Los castros de Legarda y Muruzabal (y II)

 

                           A la luz del sol y de los almendros nos quedamos a yantar.  La caricia permanente de un vientecillo suave y fresco es una caricia materna. No cambiaríamos este lugar, esta apacibilidad, esta beatitud por el  mejor restaurante del mundo. Solo al final de nuestro rústico refrigerio pasa un coche que se adentra en el monte. Y el silencio guarda nuestra siesta fáunica.

Pasada la autopista, tenemos cerca Muruzabal, que, como su nombre latino-vasco indica, fue  una muralla amplia, un fortín grande, un poblado fortificado, que todo eso quiere decir. No sabemos si anterior o posterior al castro Murundigain  que vamos buscando. Si nos atenemos a la etimología, la amplitud que denota el primero lo haría apto para merecer el destino ulterior de los habitantes del segundo. 

Pueblo ya conocido por mis visitas anteriores, Muruzabal fue una antigua villa de señorío realengo, que el rey Carlos III, el Noble, incluyó, el año 1407, en el vizcondado instituido a favor de su hermano Leonel. Los mariscales de Navarra se llamaban también vizcondes de Muruzabal. Es uno de los pueblos de Valdizarbe que mejor ha resistido la despoblación, aunque también aquí ha sido mucha. En los extremos del caserío antiguo han crecido las nuevas villas o quintas, además de la nueva casa consistorial. Pero el caserío tiene aquí poco de medieval: está holgadamente extendido, con casas exentas o agrupación de varias viviendas, huertos y apenas calles seguidas. Por institución en 1897 de Dominica Pérez Tafalla -a la que dedican un monumento delante de  la bella iglesia del XIV-XVII las casadas, las viudas y las solteras de la villa- se levantó en el lugar un asilo de ancianos y escuelas de niños y niñas a cargo de las Hermanas de la Caridad.  El asilo es hoy la prestigiosa residencia Betania, con un clásico jardín cercano. El palacio, del siglo XVII, ahora en obras, fue casa solar de los Juániz de Muruzabal, nombrado uno de ellos marqués de Zabalegui en 1691.

A Muruzabal pertenece la iglesia románica de Eunate, a la que apuntan varios indicadores.

A un tiro de vieja ballesta, al sur de la villa, dan nuestros ojos con una estampa de castro más clásica aún que la que acabamos de ver en el Murubil de Legarda. Un cono casi perfecto con dos fosos perfectos casi, y un pino cimero, sin quemar.
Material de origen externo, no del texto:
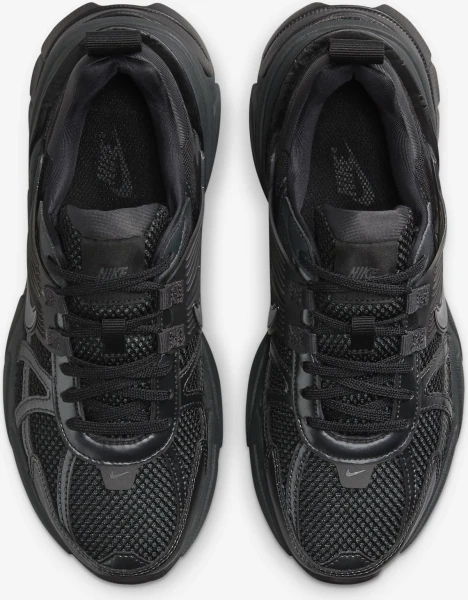 Кроссовки женские Nike V2K RUN черные FD0736-001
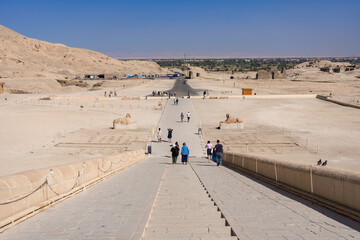 The Great Pyramid of Giza is a defining symbol of Egypt and the last of the ancient Seven Wonders...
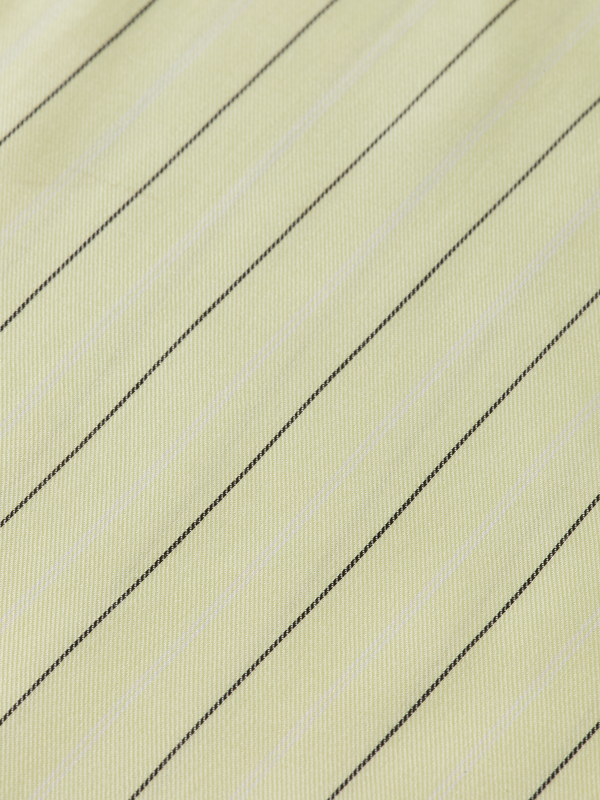 Maison Scotch STRIPED LIGHTWEIGHT SHIRT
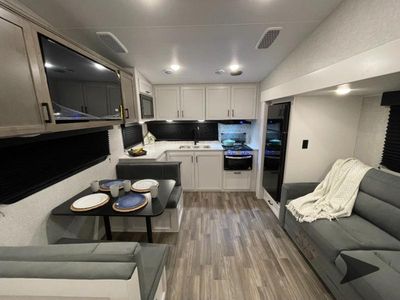 2025 Jayco Eagle SLE - Photo 26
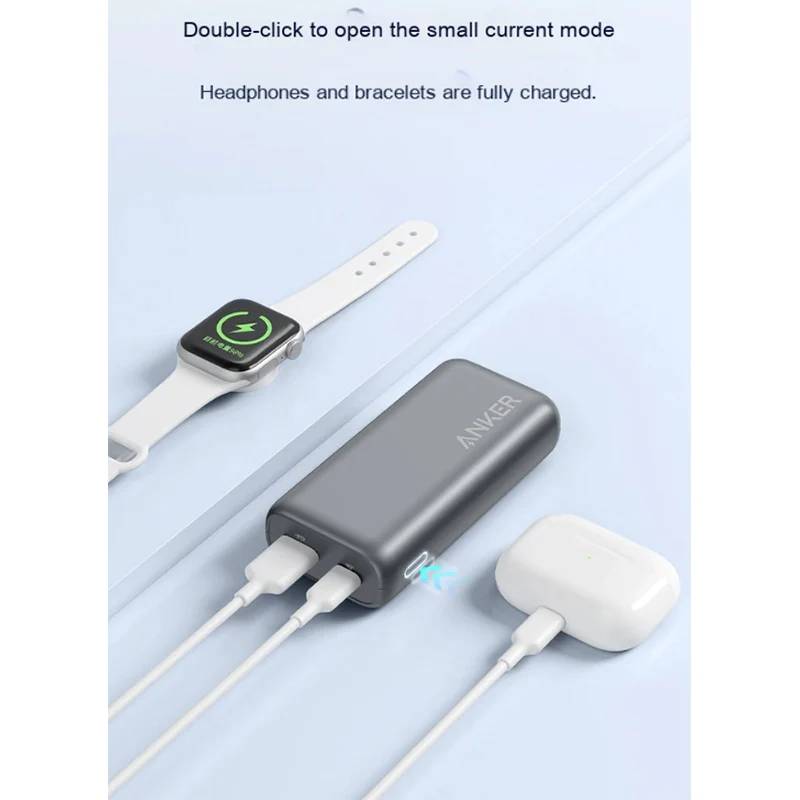 Anker A9514 PowerCore 10000 PD Redux Portable Power Bank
Porque hasta aquí llegó también el fuego del verano de  2022, que quemó todos los almendros de la falda baja del poblado primitivo y casi todos los pinos que se yerguen en los fosos-bancales del mismo. Lo descubrieron los hermanos Beguiristáin, de Obanos, y lo estudiaron después Castiella y Armendáriz. Es un típico cerro  testigo, alto de 436 m., con una superficie de 9.150 metros cuadrados en dos espacios bien distinguidos, donde se encontraron molinos de mano barquiformes y cerámicas manufacturadas y celtibéricas. Seguramente antes de la época romana, sus ocupantes se fueron al poblado más espacioso que se esconde bajo la villa actual.

El fuego reciente  abrasó igualmente los parrales, los olivos y los frutales plantados a lo largo del primer foso-bancal. Los rebrotes de los olivos parecen querer continuar viviendo.

Se retiró temprano el viento fresco y soleado. Los ziapes (brassica juncea) pujan con fuerza en todos los ribazos. Y la tarde parece cansada de tanto adelanto primaveral.